Outro ponto debatido no webinar foi a análise ambiental sobre o rio Paraopeba e seus afluentes. "Ninguém sabe como e se o ecossistema local vai se refazer. Cadê o investimento na ciência? Nós somos uma rede de monitoramento independente e temos ajudado com nossas informações. Mas onde estão as informações da empresa que não chega na comunidade? No final, a empresa fica com bônus e o estado com o ônus de ter que gastar seus recursos", afirmou Marta Marcondes, professora da Universidade Municipal de São Caetano do Sul e coordenadora do Laboratório de Análise Ambiental do Projeto Índice de Poluentes Hídricos (IPH). A jornalista Cristina Serra lembrou uma frase marcante que um perito disse para ela em Mariana: "A lama de rejeito de mineração é uma lama biocida, que mata todas as formas de vida". Ela também destacou que "o lucro é privado e o prejuízo é socializado".

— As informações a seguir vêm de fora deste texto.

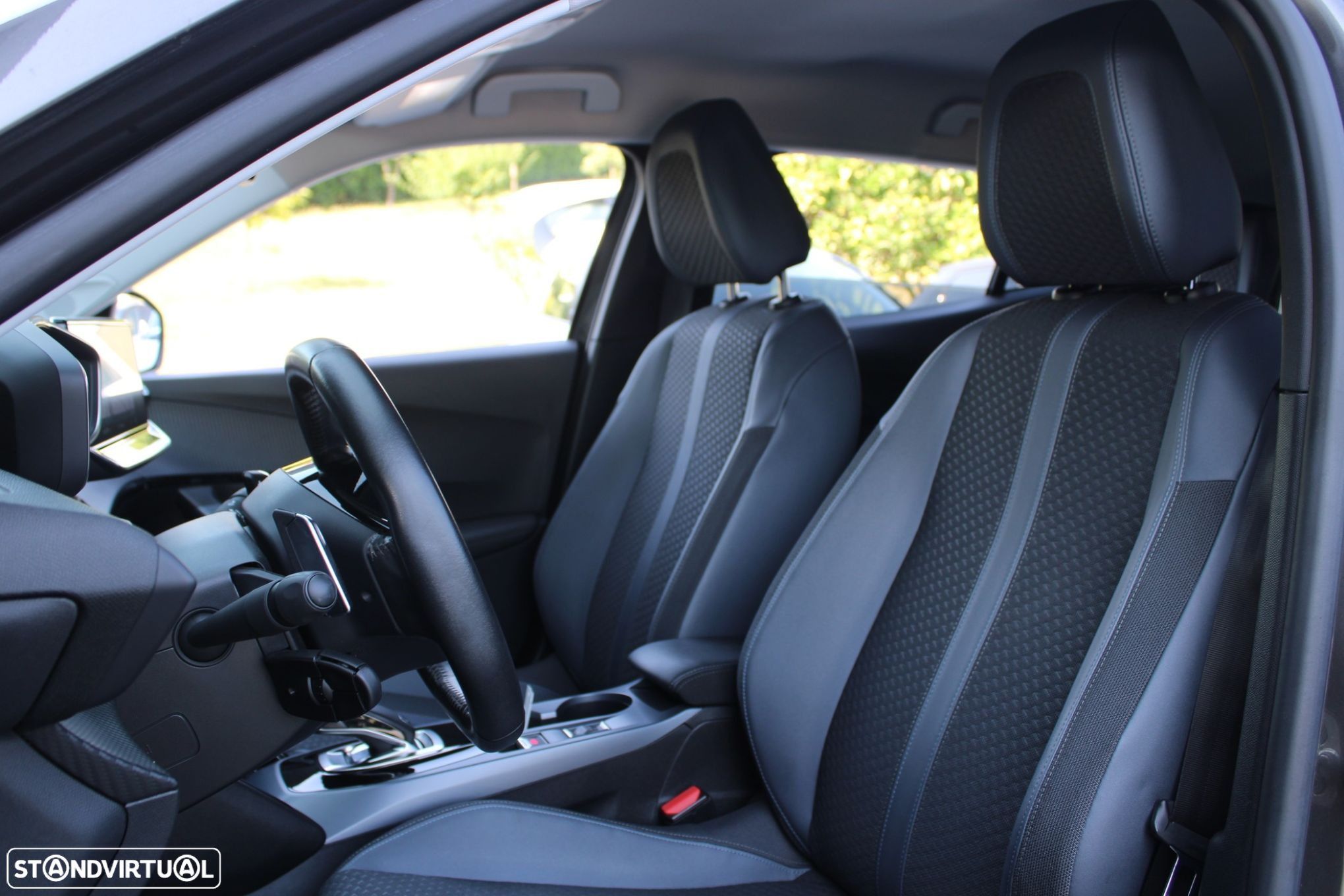Peugeot 2008 1.2 PureTech Allure Pack EAT8 - 5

Mais um ponto de destaque no webinar foi sobre os futuros presidentes da Câmara e do Senado, para que estejam atentos e compromissados com o que a sociedade quer. Um dos temas relevantes é o licenciamento ambiental, com total relação com a mineração. Ele deve permitir transparência, a participação da sociedade na tomada de decisões, impedindo que atos criminosos como esse ocorram. "Aqueles que dizem que o licenciamento ambiental e a governança participativa do meio ambiente e da água são instrumentos que impedem o desenvolvimento, olhem para essas tragédias anunciadas que o Brasil tem. Se a boiada continuar passando sob essas legislações, a tendência é que novos danos se repitam. Para evitar isso é que nós estamos aqui. Esse é o papel da sociedade civil e a maior contribuição da SOS Mata Atlântica para devolver o verde, não só à mata, mas uma esperança para a nossa bandeira e um futuro sustentável no país", destacou Malu Ribeiro, diretora de Políticas Públicas da SOS Mata Atlântica.

A comunidade está realizando a II Romaria Regional pela Ecologia Integral a Brumadinho, construída pela Região Episcopal Nossa Senhora do Rosário (RENSER), vinculada à Arquidiocese de Belo Horizonte. Os moradores da região também estão lançando vídeos-carta e um Pacto dos Atingidos. Maiores informações pelo link https://www.instagram.com/regiao_renser/. A Fundação SOS Mata Atlântica deve voltar à região para monitorar a qualidade da água do Rio Paraopeba, assim que o cenário de pandemia permitir. "Vamos levar informação independente e ciência cidadã para as comunidades, além de continuar atentos no âmbito legislativo, com a Frente Parlamentar Ambientalista", finalizou Malu Ribeiro.